POCKETFUL OF MIRACLES (1961)

Three decades after Frank Capra hit the ‘A’ list (joined at the hip with writing partner Robert Riskin), adapting the wiseguy sentiment of Damon Runyon’s LADY FOR A DAY/’33, he left the arena for good with this thuddingly misconceived flop of a remake. The story is largely unchanged (elderly apple peddler, a lucky charm to raffish NYC mob man, needs his help to keep her engaged daughter from finding out she’s a tramp), but something’s gone missing in the new treatment. Okay, everything’s gone missing. A lot of the loss comes in making the story a period piece (not that Capra had much choice in ‘61). But where the zestful earlier film played as a tough & funny Depression Era fairy tale, the remake seems to run at half-speed. (And its forty-five extra minutes make the cast look like dunderheads.) A few players glean laughs (mostly Peter Falk & Edward Everett Horton), and Bette Davis, a most unlikely Apple Annie, at least keeps her dignity, but others aren’t so much miscast as defeated. Especially Glenn Ford, whose soft attack is like anti-matter, and Arthur O’Connell as a Spanish Count. You know you’re in trouble when you’ve got Arthur O’Connell playing a Spanish Count. With a thirty year retirement ahead of him, Capra seems relieved to throw in the towel.

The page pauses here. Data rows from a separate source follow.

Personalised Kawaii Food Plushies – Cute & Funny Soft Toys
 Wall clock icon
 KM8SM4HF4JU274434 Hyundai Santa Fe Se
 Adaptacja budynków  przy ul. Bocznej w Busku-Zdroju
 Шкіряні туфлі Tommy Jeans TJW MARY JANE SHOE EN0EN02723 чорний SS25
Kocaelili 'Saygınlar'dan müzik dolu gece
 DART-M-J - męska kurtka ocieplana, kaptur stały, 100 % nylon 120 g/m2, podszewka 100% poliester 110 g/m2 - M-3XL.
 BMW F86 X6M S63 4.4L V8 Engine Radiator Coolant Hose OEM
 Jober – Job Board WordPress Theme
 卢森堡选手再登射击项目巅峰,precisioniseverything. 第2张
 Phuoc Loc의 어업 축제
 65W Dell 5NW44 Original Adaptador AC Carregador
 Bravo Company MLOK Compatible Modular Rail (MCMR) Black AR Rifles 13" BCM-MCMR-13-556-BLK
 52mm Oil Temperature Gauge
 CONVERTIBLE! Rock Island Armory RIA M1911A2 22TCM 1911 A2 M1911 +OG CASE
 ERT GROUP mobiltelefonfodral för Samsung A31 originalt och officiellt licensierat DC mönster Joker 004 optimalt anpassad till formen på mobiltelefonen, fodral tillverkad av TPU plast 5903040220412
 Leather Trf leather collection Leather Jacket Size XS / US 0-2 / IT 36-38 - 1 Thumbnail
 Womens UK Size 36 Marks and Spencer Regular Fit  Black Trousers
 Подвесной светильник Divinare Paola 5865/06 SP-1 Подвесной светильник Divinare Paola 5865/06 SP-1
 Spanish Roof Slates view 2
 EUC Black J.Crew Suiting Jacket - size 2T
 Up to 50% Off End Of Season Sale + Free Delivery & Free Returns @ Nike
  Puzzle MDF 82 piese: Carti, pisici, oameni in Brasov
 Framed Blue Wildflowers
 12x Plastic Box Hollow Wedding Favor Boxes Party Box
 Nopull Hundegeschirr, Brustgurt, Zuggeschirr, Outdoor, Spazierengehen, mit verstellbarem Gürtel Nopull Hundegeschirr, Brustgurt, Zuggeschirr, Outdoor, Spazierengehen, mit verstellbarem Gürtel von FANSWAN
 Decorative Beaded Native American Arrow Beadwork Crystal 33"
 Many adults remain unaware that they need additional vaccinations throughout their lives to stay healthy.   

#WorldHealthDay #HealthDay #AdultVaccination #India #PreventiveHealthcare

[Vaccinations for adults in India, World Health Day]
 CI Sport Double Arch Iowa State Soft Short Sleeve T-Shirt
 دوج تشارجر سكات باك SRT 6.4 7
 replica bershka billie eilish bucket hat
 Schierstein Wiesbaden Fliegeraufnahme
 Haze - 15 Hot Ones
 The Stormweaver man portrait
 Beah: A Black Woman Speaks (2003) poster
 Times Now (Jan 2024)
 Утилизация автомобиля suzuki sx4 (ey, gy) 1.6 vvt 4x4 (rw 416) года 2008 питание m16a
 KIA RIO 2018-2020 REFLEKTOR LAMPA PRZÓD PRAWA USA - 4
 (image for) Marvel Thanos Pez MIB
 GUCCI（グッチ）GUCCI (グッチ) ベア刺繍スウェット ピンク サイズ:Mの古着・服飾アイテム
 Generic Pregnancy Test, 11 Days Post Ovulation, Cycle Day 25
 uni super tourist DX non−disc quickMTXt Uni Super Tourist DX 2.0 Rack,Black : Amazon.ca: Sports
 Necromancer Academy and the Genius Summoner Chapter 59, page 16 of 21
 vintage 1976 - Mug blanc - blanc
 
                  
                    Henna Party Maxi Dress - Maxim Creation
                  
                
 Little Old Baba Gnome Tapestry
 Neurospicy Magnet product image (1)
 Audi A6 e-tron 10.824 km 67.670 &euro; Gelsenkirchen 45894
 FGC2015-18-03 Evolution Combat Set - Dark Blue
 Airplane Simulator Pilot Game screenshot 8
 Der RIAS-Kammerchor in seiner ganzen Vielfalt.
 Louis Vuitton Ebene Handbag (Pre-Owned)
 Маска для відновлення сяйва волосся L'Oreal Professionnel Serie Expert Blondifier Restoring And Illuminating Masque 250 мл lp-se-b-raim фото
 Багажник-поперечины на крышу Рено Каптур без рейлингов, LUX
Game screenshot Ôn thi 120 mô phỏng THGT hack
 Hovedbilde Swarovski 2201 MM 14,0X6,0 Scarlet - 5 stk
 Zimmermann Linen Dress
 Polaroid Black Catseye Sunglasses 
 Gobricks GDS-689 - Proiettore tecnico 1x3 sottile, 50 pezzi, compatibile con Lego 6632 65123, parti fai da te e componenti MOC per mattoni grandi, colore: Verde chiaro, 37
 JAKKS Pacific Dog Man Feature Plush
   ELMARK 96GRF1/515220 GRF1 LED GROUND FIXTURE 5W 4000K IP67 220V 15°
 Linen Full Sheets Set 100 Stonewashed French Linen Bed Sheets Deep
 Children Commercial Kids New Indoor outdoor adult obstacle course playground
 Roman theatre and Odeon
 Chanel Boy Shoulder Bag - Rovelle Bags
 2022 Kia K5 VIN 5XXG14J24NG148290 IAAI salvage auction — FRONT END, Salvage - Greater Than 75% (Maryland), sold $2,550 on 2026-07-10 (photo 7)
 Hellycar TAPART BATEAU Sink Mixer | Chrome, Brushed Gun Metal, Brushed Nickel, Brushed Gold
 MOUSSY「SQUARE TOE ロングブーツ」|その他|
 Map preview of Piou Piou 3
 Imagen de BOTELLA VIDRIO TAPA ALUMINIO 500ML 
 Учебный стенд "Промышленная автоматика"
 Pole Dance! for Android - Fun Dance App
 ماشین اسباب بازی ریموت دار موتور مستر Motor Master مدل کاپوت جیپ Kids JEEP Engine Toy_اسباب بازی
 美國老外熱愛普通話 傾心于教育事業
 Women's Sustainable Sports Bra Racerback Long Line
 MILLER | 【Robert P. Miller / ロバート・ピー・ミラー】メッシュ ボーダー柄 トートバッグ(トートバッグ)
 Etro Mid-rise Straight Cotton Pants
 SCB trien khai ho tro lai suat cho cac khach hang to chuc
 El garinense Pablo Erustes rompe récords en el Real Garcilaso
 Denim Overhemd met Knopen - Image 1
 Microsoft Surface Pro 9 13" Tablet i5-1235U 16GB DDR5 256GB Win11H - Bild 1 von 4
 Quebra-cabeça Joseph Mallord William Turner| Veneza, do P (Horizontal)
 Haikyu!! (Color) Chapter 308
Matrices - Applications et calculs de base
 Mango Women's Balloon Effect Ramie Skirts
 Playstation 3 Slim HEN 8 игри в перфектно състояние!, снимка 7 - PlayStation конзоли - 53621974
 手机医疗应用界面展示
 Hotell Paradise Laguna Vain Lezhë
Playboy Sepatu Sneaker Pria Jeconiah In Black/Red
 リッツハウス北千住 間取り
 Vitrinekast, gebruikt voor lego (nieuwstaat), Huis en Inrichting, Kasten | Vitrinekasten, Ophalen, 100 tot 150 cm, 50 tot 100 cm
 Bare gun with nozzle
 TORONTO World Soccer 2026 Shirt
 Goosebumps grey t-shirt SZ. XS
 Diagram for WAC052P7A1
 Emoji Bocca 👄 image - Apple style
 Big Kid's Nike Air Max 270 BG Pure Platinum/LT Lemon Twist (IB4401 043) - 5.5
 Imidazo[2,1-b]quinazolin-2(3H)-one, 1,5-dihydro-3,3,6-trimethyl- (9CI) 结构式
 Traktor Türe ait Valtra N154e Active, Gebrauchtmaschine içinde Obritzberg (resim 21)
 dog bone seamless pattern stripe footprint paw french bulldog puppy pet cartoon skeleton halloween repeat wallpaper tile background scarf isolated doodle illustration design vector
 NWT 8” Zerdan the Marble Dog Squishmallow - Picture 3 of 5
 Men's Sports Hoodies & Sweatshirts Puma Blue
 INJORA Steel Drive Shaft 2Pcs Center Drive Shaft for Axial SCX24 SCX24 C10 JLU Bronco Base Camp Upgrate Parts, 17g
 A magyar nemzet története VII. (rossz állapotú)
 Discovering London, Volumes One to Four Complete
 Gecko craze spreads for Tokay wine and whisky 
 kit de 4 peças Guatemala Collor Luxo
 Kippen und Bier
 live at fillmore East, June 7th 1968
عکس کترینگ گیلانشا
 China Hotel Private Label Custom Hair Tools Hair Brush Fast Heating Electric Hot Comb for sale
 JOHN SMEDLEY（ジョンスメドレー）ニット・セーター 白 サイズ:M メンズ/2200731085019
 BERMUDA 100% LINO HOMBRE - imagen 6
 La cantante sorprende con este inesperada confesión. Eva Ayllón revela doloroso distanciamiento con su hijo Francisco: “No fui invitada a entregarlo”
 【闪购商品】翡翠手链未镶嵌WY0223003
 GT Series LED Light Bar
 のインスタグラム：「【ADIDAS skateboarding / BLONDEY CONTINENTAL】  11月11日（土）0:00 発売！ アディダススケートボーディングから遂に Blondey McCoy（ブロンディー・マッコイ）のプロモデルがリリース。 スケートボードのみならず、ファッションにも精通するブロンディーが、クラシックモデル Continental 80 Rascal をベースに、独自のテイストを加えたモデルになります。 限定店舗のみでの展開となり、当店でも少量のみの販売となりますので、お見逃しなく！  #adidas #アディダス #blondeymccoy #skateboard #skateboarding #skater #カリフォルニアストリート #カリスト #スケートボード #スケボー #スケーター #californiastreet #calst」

WATCH THIS, NOT THAT: As mentioned above, Capra’s LADY FOR A DAY, about the best of all possible Damon Runyon adaptations.

SCREWY THOUGHT OF THE DAY: Over-stuffed & bloated, POCKETFUL plays like a Hollywood embalming of a B’way musical. Begging the question, why hasn’t someone musicalized this story?

DOUBLE-BILL: Swansong for Capra regular supporting actor Thomas Mitchell following stellar perfs in DEEDS; LOST HORIZON; MR. SMITH and WONDERFUL LIFE.

ATTENTION MUST BE PAID: Capra’s career-long fixation on the erotic nature of water running over glass gets a final workout as debuting young lovers Ann-Margret & Peter Mann bill & coo.